Collin Anderson of the Washington Free Beacon details a piece of Democratic presidential contender Elizabeth Warren’s past that she might like to forget.

The Haverford School’s leafy campus, arched doorways, and neatly uniformed boys would seem to denote the sort of class and privilege that Sen. Elizabeth Warren (D., Mass.) has decried on the campaign trail.

That may be why Warren, confronted by a school-choice activist in November, denied that her kids had attended private schools. The 2020 Democratic hopeful insisted that “my kids went to public school”—a half-truth, at best, that obscures a reality at odds with her image as a scrappy public school teacher-turned-populist crusader.

While Warren’s daughter, Amelia Warren Tyagi, attended public schools for the entirety of her elementary and high school education, her son, Alex Warren, spent the majority of his formative years at one of the country’s most elite private schools, the Haverford School, according to yearbooks obtained by the Washington Free Beacon.

Located in suburban Philadelphia, the all-boys college preparatory school employs a “rigorous liberal arts curriculum” that recognizes boys’ “innate competitiveness,” according to the school’s website.

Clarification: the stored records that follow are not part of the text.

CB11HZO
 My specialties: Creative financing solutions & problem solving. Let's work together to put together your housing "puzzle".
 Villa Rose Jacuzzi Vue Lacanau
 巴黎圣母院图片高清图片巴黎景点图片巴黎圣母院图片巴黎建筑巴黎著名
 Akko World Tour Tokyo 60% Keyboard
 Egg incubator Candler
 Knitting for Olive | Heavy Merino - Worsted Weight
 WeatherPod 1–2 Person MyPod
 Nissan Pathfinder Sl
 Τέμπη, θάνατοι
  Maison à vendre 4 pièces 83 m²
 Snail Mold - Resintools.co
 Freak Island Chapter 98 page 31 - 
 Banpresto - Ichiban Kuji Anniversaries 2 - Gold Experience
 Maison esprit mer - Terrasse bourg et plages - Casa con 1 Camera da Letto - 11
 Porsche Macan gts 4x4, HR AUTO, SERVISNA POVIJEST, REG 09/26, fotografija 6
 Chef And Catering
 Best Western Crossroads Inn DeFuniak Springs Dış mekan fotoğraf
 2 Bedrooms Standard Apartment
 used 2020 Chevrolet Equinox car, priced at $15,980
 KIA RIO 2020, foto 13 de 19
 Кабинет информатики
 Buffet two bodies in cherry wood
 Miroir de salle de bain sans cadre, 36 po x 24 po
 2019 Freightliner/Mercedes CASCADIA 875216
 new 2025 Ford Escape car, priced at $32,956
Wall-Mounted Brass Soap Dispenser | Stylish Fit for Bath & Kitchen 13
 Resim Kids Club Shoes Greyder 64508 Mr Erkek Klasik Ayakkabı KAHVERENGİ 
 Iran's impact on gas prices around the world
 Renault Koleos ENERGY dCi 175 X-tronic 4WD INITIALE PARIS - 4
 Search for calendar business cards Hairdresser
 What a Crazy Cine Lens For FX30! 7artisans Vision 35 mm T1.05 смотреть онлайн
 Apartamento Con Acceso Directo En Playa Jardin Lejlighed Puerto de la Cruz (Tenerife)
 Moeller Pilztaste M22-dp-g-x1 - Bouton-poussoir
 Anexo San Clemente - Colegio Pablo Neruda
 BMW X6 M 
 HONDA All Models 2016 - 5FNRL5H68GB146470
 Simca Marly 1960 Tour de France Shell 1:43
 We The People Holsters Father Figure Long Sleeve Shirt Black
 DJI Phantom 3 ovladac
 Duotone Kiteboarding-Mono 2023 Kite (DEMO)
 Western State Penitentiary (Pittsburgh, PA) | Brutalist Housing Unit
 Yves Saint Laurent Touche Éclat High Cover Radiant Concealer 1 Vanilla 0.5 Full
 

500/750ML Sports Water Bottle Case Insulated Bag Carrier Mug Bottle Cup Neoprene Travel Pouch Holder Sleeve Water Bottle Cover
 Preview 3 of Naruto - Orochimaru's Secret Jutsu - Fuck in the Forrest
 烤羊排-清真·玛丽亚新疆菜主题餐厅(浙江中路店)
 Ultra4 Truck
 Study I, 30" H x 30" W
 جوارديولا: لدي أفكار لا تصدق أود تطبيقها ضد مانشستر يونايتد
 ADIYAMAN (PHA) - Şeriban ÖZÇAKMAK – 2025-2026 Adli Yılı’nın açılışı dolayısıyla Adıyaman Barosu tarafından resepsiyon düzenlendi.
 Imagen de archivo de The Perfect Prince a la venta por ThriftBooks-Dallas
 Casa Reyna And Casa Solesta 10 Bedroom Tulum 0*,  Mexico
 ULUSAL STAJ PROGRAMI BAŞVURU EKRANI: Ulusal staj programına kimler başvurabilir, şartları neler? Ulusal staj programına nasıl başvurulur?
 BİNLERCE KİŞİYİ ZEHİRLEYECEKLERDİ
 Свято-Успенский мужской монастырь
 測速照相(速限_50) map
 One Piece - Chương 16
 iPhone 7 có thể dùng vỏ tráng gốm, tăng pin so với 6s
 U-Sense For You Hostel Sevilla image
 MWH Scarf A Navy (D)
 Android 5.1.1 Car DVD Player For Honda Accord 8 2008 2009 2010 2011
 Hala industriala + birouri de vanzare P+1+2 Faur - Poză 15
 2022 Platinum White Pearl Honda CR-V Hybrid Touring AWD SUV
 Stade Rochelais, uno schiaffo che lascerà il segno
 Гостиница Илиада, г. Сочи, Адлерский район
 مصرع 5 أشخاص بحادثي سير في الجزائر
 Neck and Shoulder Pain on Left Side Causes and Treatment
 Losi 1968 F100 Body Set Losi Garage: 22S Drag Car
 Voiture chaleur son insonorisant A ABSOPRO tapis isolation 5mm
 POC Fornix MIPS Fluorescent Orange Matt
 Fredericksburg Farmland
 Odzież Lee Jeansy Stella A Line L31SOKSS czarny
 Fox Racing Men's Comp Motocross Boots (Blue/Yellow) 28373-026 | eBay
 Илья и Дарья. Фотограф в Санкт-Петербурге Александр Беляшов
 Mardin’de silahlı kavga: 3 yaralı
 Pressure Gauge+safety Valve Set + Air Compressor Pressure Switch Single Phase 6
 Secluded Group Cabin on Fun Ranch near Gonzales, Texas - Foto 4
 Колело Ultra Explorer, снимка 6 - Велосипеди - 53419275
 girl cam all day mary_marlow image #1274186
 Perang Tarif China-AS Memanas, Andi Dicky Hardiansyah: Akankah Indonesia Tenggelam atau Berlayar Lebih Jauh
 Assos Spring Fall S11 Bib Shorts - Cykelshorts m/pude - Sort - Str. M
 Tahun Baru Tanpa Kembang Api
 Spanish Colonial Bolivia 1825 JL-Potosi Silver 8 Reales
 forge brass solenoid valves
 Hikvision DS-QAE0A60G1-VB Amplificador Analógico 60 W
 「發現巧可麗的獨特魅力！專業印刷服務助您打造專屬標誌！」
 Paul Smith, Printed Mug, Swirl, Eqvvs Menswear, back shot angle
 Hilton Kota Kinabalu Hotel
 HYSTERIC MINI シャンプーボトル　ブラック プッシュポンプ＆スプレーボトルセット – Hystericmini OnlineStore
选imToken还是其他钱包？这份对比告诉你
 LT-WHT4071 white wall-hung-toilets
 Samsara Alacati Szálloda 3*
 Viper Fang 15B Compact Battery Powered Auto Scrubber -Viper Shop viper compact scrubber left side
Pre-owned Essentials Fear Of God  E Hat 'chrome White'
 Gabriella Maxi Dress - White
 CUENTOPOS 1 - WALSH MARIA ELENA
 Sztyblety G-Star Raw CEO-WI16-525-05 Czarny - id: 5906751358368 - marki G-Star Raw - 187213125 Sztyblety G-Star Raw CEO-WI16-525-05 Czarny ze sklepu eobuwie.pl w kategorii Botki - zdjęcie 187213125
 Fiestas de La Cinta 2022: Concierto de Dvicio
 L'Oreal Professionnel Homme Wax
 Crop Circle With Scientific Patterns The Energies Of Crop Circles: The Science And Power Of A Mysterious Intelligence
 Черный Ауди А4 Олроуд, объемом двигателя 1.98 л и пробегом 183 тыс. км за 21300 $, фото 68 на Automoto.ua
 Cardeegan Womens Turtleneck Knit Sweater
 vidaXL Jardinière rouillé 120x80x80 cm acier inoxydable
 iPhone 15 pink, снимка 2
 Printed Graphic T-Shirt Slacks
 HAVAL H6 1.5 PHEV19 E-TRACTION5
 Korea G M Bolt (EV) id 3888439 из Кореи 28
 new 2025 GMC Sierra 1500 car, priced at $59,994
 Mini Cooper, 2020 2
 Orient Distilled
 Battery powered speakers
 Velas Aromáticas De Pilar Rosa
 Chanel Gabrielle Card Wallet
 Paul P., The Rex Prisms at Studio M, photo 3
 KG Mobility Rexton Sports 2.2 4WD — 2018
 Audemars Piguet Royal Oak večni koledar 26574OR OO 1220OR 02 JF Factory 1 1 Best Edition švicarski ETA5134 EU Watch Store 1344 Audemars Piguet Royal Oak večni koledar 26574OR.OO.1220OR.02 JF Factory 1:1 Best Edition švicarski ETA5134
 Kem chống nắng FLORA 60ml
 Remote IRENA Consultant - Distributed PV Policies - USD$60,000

High school tuition runs $39,500 a year. …

… Alex Warren attended the school for six years, from 1988—when he began as a sixth grader—until his graduation in 1994, the yearbooks show. He spent his junior year in Boston when Warren accepted an invitation to teach at Harvard Law School for a year in 1992. In her book A Fighting Chance, Warren wrote that her son “took the opportunity to reinvent himself at a new high school.”